Wednesday, November 25, 2009

Capitalism: A Love Story - revolution postponed



It was a sympathetic crowd at the cinema in Melbourne's posh Brighton suburb watching Capitalism: A Love Story. They must have been either chardonnay socialists or from the other side of the tracks. Maybe they lost a bundle on the stock market last year or watched their superannuation shrink. Perhaps some were the kind of Catholic who follows the Sermon on the Mount. Michael Moore's latest documentary has something for all these groups.

Moore is no captive to ideology: the union factory occupation adjourns for mass and communion; a Sheriff refuses to evict people; the credits roll to the strains of the Internationale; the people’s revolt starts with peaceful pressure on their representatives on Capitol Hill over the bailout.

As a filmmaker he is master of the simple visual image: the confrontation at the headquarters of the Fat Cats of Wall Street and industry; the family grieving for lost loved ones or the home from which they are being evicted; the dispossessed moving back as squatters into their houses; the bulldozed factory where his father worked.

True to form, Moore takes on the big end of town in his comic citizen-arrest pieces and mock showdowns. He wraps the crime scene in Manhattan with police tape. It is, of course, the New York Stock Exchange. It could have been the guarded citadels of Citigroup, AIG, Bank of America, Goldman Sachs, General Motors or any of the other gangster dens of this documentary. All your humble security guards recognise MM immediately. His tilts at revolving doors have become a cliché for them and us. The drama and the humour have been sapped from this kind of satire. We all know the joke.

Sadly we never find out exactly what 'derivatives' are but it seems to be a synonym for theft. Karl Marx called property theft. Some irony. There appears to have been a lot of property stolen. However, Moore must only be a closet Marxist.
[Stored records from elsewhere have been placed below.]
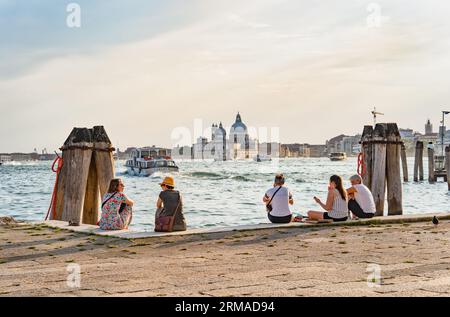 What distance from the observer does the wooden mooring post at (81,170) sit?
12.6m

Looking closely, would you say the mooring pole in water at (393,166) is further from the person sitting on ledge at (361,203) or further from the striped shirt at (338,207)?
the striped shirt at (338,207)

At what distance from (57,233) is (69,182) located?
6.71ft

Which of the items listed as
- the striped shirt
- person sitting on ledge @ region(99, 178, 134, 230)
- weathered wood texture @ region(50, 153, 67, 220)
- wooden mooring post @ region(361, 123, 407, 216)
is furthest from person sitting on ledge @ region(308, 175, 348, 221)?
weathered wood texture @ region(50, 153, 67, 220)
He only mentions the other “-ism”. He sees 'democracy' rather than socialism as a solution to capitalism’s evils: worker participation and ownership, unionism, transparency. His website's "Action Plan: 15 Things Every American Can Do Right Now" is not exactly revolutionary stuff.

But it's meeting the victims of the system that has the most impact. Moore is at his best when he talks to ordinary people: those suffering and sometimes fighting evictions, the unemployed, the un-paid families of 'dead peasant' life insurance schemes, workers taking direct action in the workplace. His faith, indeed his roots, is with the powerless.

With god, the union and the law on his side he shouldn’t fail. However, for all its heart wrenching stories of ordinary people and its compelling indictment of Big Capital and High Finance, Capitalism: A Love Story doesn’t nail the culprits. Barack Obama was the great hope when the film was made. It’s revolution postponed. A sequel would paint a sorry picture of free enterprise American style post 2008.

However, it is time to read the big print. See this if you can.



3 comments:

  1. Kevin, property is theft is a quote from Proudhon, although Marx does echo it in his writings on wood theft iun Germany.

    I actually thought Moore stressing democracy was great because that is what socialists also stress - an extension by workers of democracy into the workplace is the basis of socialist society and democratic planning to satisfy human need.

    ReplyDelete
  2. I'm in agreement about democracy in the workplace. It's a rare commodity.

    ReplyDelete
  3. We are nearing the end of economic growth. We are depleting our renewable and non-renewable resources faster than ever, while at the same time destroying our environment, and our economic base. In other words, we're burning through our principal, not living off the interest.